Data records »

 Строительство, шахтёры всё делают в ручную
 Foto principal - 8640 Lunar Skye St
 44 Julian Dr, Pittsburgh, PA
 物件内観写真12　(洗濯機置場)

---

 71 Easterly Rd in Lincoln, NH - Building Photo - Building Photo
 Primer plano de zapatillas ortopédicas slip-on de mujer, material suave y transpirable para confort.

Assigned task » Look above for the line with "71 Easterly Rd" and the line with "Primer plano de". Retype those two lines and every line between them exactly, adding nothing.

Answer to the problem »
 71 Easterly Rd in Lincoln, NH - Building Photo - Building Photo
 Primer plano de zapatillas ortopédicas slip-on de mujer, material suave y transpirable para confort.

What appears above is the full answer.